This article originally appeared in Futures Magazine.
The Commodity Customer Coalition (CCC) made numerous policy recommendations, warned that MF Global may not be an isolated incident and leveled serious charges against JPMorgan and others in presenting its “Recommendations on the Policy Response to the MF Global Bankruptcy,” to the Senate Committee on Agriculture, Nutrition and Forestry today.
The CCC, which has been advocating on behalf of former MF Global customers since shortly after the firm filed for bankruptcy on Oct. 31, 2011 pulled no punches in this broad report, which calls for, among other things, the creation of a customer protection fund, forced separation of dually registered broker-dealer (BD)/future commission merchants (FCMs), ending the distinction between segregated and secured funds, bankruptcy reforms and reforms in how bankruptcy trustees are selected.

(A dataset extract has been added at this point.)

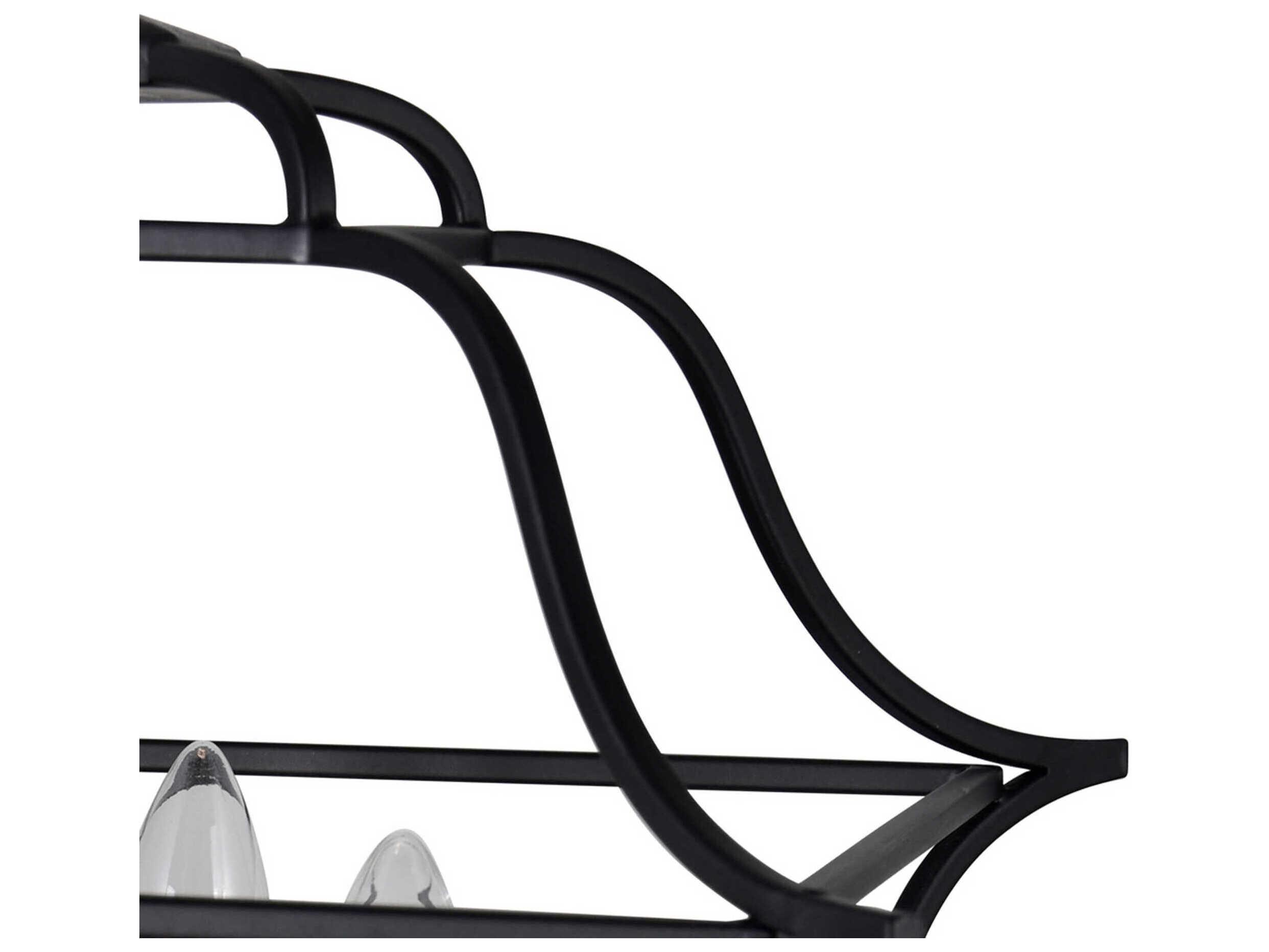 CWI Lighting Tudor 3-Light Satin Gold Black Lantern Pendant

The report states, “Without adequate changes to the regulatory regime governing FCMs, another MF Global-sized failure is not only possible, it is probable.”

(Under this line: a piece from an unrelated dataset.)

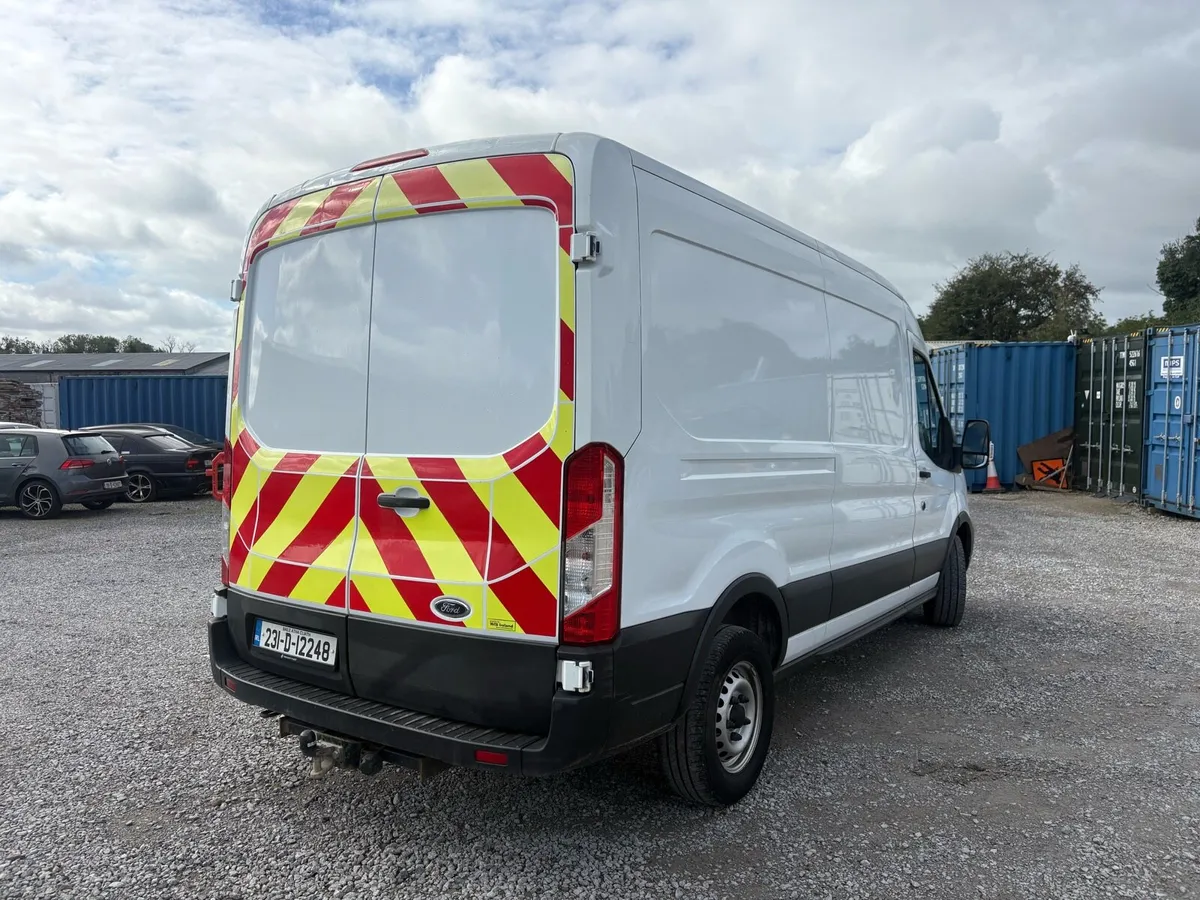 2023 Ford Transit 350 Lwb - Image 4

It point out that half of the 116 FCMs reporting to the Commodity Futures Trading Commission (CFTC) as of March 2012, are dually registered as BDs and account for nearly 91% of all the customer property held by FCMs. And 80% of that property is concentrated in the top 10 firms, nine of which are publically traded. The report suggests this concentration in firms that are dually registered presents systemic risk.
It points out that those nine publically traded firms received 60% of the financial assistance, not including central banks, from the Fed during the 2008-09 financial crisis. “Some have criticized the effort for a policy response from Congress to the MF Global bankruptcy on the grounds that we do not need to extend bailouts to commodity brokers. The reality is that the biggest commodity brokers have already been bailed out,” the report concludes.

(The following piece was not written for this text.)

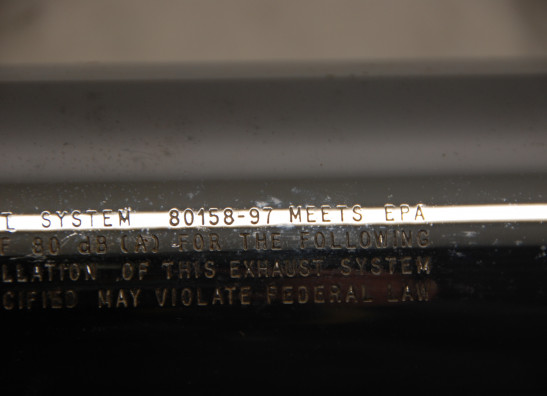 Sportdemper Harley Davidson Softtail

The report also is highly critical of the inherent conflicts with dually registered BD/FCMs. It points out that in both MF Global and Lehman’s cases, BD/FCMs were actively using segregated customer property held at their FCM to facilitate operations. “JPMorgan was a custodian of customer funds for both Lehman and MF Global. In both instances, JP Morgan withheld funds it knew or should have known belonged to customers,” the report claims adding, “JPMorgan was extending credit on the value of Lehman’s customers’ money for 22 months with impunity. Only after Lehman collapsed and JPMorgan tried to keep the property of Lehman’s customers did regulators uncover violations.”
It says a forced separation “would simplify and preserve the priority of classes in bankruptcy for each separate entity” and “would stop the wholesale raiding of customer property by a liquidity-stressed BD/FCM.”
On the bankruptcy side, it recommends establishing a legal right for customer representation on creditors’ committees in FCM Chapter 11 cases, preventing the application of Safe Harbor provisions in cases where customer segregated money is involved and applying market forces to determine attorney and trustee fees in bankruptcy proceedings.
In its summary the CCC states, “MF Global’s failure has shattered that notion and exposed tremendous shortcomings in the system designed to protect customer assets. For this reason, the collapse of MF Global deserves a robust policy response which amends the existing regulatory structure and contemplates new mechanisms in order to strengthen the safeguards which protect customer property.”
To emphasize this, it points out that the amount of excess customer funds held at FCMs has dropped considerably in the last year.